Today we're rolling out a pretty big change to Neocities: cleaner links, by automatically loading the .html files without the extension.

So for example if you have a /my-favorite-songs.html, you can now load it with your browser by just typing /my-favorite-songs. Previously you could do this by creating a directory called "my-favorite-songs" and then adding an index.html to it (my-favorite-songs/index.html), but this will make that step optional. Every link to a web page with the .html on the end will still (and always) work, and will automatically redirect to the cleaner URL, so there shouldn't be any issues with search engines or links breaking.

The main drawback to this is that it may affect local site editing. But if you edit your site locally and the cleaner links don't work with your local server, you can still use .html in your links and they will redirect automatically on Neocities. You should also still use .html for the actual files when you create them on Neocities.

For the edge case where there is both a directory index and a root page, such as /my-favorite-songs.html and /my-favorite-songs/index.html, the slash will be used to denote the directory, so /my-favorite-songs and /my-favorite-songs/ will load each respective page.

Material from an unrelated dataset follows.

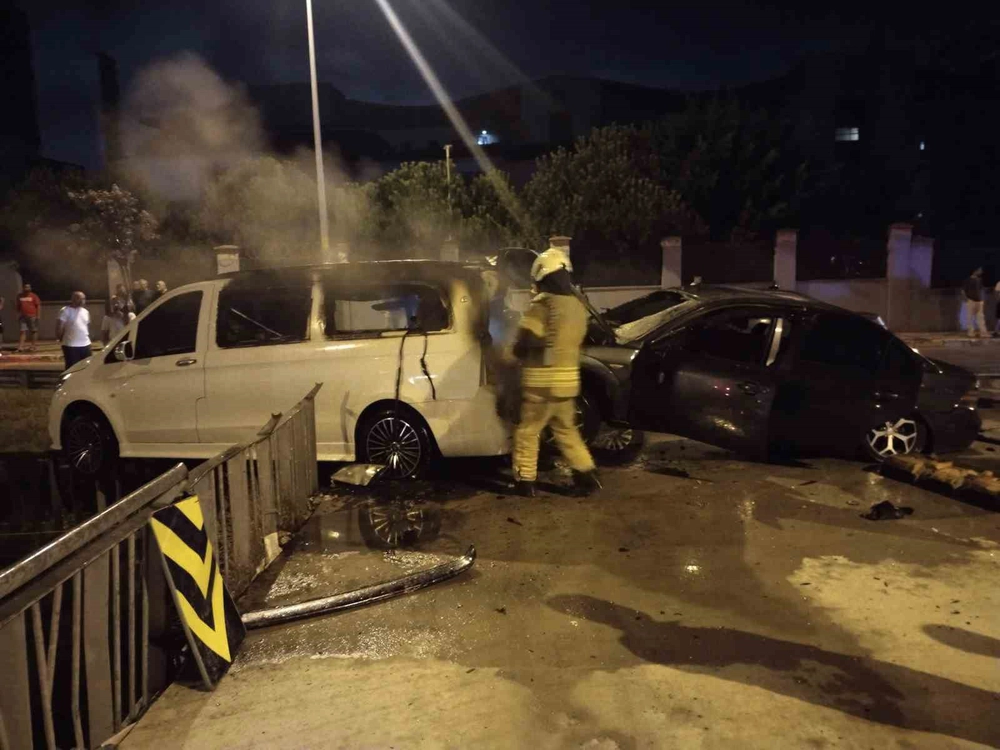 Sultanbeyli'de Park Halindeki Minibüse Çarpan Otomobil Alev Aldı, Arbede Yaşandı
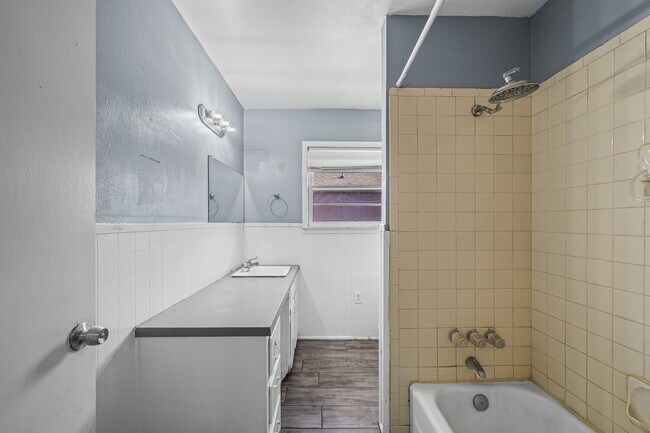 Building Photo - Large 3/2 with Access to Loop 289 and Idalou Highway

This change also makes it slighty harder to move to other static web site hosting, but it's easy to configure other servers to support this. If you run your own server and use nginx for this, this is the code you can use to make it work the same way (in the server {} section of your config):

if ($request_uri ~ ^(.*/)index$) {
  return 301 $1$is_args$args;
}

if ($request_uri ~ ^/(.*/)index\.html?) {
  return 301 /$1$is_args$args;
}

if ($request_uri ~ ^/(.*)\.html?) {
  return 302 /$1$is_args$args;
}

Enjoy the cleaner, easier to type in web page links! Happy New Year!